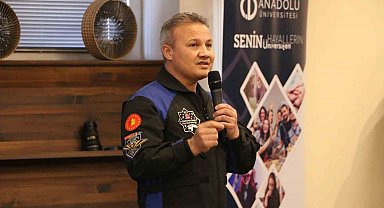Milli Uzay Programı'nın rotası Eskişehir'de çizildi: Gezeravcı Ay ve Mars misyonlarını anlattı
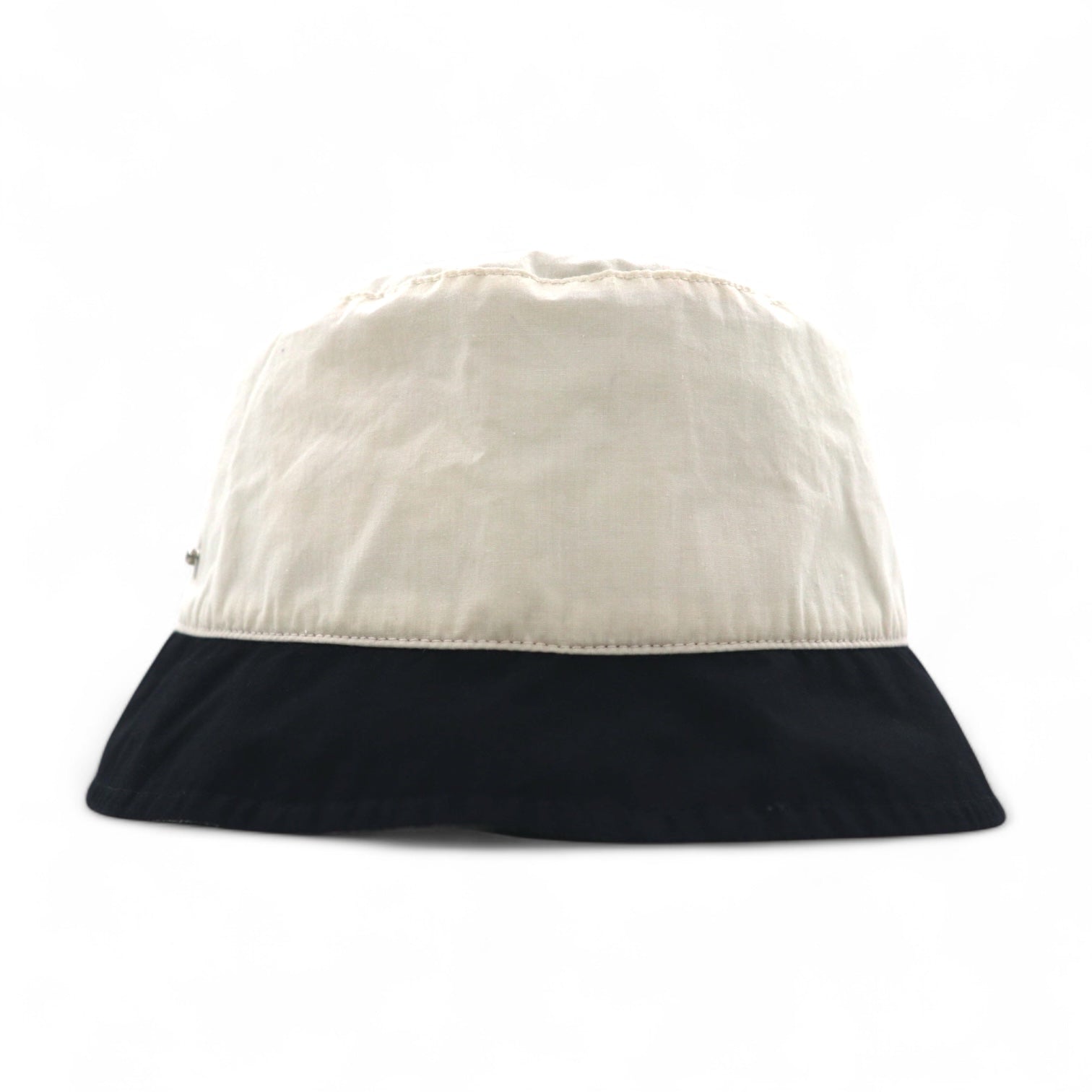 KIJIMA TAKAYUKI Cappello alla pescatora 2 vie 57 cm Avorio Cotone W-232630 Made in Japan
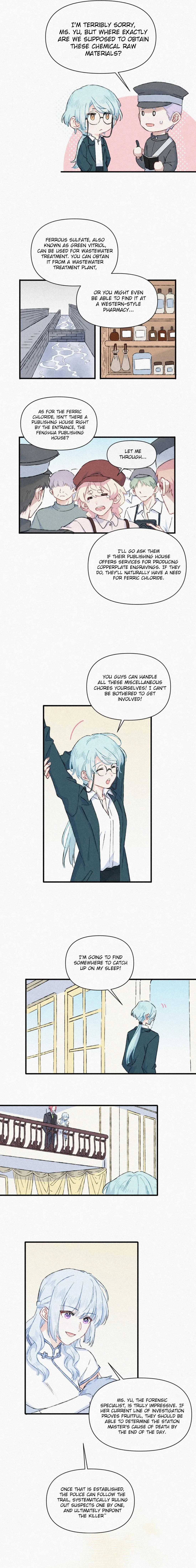 Love Gives Me Superpowers Chapter 116 page 4 - 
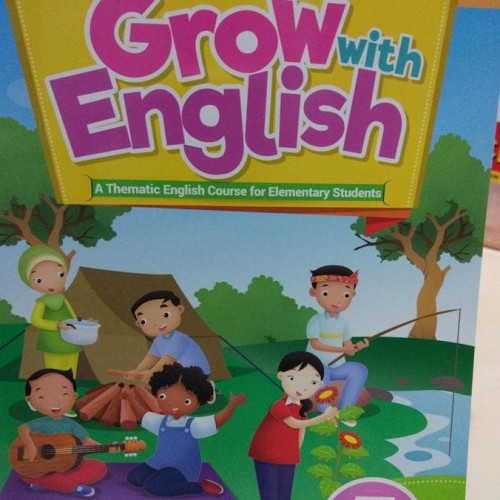Detail Buku Bahasa Inggris Kelas 4 Grow With English Nomer 21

Task to carry out | Whenever a line holds a picture, print that line without the picture. All other data must be output exactly.

Your response |
Milli Uzay Programı'nın rotası Eskişehir'de çizildi: Gezeravcı Ay ve Mars misyonlarını anlattı
 KIJIMA TAKAYUKI Cappello alla pescatora 2 vie 57 cm Avorio Cotone W-232630 Made in Japan
 Love Gives Me Superpowers Chapter 116 page 4 - 
Detail Buku Bahasa Inggris Kelas 4 Grow With English Nomer 21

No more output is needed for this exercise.